We stopped into Balzac's Coffee to warm ourselves with a hot drink before heading to the Festival Theatre to see the centre-piece of the Stratford Shakespeare Festival, Macbeth.

Professor Schmidt had already set our expectations high, but I was unprepared for how incredible Macbeth was. The production was phenomenal—the acting, the artistic elements, the set, the use of light and sound, all of it. We were all exhausted from a long day, but the incredible, world-class skill and mastery of the play could not possibly be lost upon anyone in the audience. If you ever see just one performance of Shakespeare, it should be a Stratford production. I fell into bed that night, dreaming of the three witches and Banquo.

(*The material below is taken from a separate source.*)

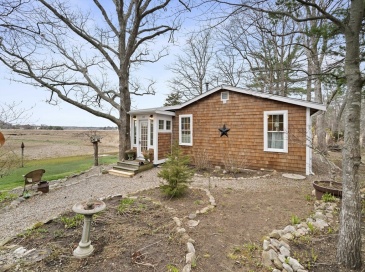 134 Wellington Ave, Marshfield, Massachusetts, 2 Bedrooms Bedrooms, 4 Rooms Rooms,1 BathroomBathrooms,Residential,For Sale,Wellington Ave,73507005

The next morning, Jamie and I walked to Balzac's around 9:00 a.m. We did our best to be responsible students (ha, ha, ha, all you college readers say), and studied for several hours in the coffee shop. Whether you are a fan of coffee, tea, or pastries—or all three—Balzac's is a charming spot, with some pretty neat vintage posters, and plenty of unique memorabilia, like this card that I bought.

Jamie and I explored the shops in Stratford, spending most of our time in Fanfare Books and Book Stage. Book Stage was a fascinating place, an old house turned book store with a mildly cranky and book-obsessed old gentleman as its proprietor. The shelves were stuffed with old books, including some beautiful (and very expensive) Shakespeare folios. I was afraid to even breathe on some of the books.

After a nice lunch at Downie Street Burgers, Jamie and I met up with our group to see our last play, The Lion, the Witch, and the Wardrobe. If you ever see a Stratford production, do not see The Lion, the Witch, and the Wardrobe. Do not. If you're over the age of eight, spare yourself, I beg of you. If you loved the books, and even the movie, this production will make you cringe. In the words of Professor Freeberg (or maybe it was Felch), "They completely disembowelled the thing." You will want to watch the movie and the read the book ten times over, just to blot the ghastly experience out of your mind. The production was trite and appalling, and not many of us could even pay serious attention after about half an hour. Some of us found more interesting things to watch.

It was with glad hearts when we finally left the theatre. We ate dinner at Downie Street Burgers (much to Jamie and I's chagrin), and pulled out of Stratford around 6:00 p.m. I spent most of the return journey trying not to throw up, but was saved the last couple of hours by Jamie and her peppermint chewing gum (for you life hackers: mint gum helps combat nausea). US customs went splendidly—though, honestly, probably anything that took less than an hour would've been seen as a wild success by us—but we may or may not live down in infamy at that border check as "the bus that got turned around and came back." (Professor Schmidt drove up to Stratford a couple hours after us, and when he told the officer that he was meeting a group of students, the officer asked, "Oh, are you with that bus that got turned around and came back?")

The Stratford trip taught me a little more about grace when I did not expect it. I did not expect to make any relationships on the trip, nor did I expect to carry anything but play bills and souvenirs with me from the town of Stratford. But I did. I learned from the graciousness of the two students who were not allowed to continue the journey with us. I learned from the graciousness of everyone on the bus as we waited in customs. I found a good friend in Jamie, even if our friendship was only one born out of necessity on the trip (Jamie: if you're reading this, I hope you know that I think you're stellar and I'd like to continue our friendship). Like an ice cube down my shirt, the trip straightened my back and opened my eyes to the graces of every individual, however strange or friendly. "Life is precious but also freely given."

I'm learning a lot of things in college that can't be taught in a class room. And while I never quite know when or where, I must remind myself again and again that seeming discomfort can be a valuable lesson. Sometimes small graces come in strange places. (Or miracles like a Slytherin [me] and a Hufflepuff [Jamie] being friends.)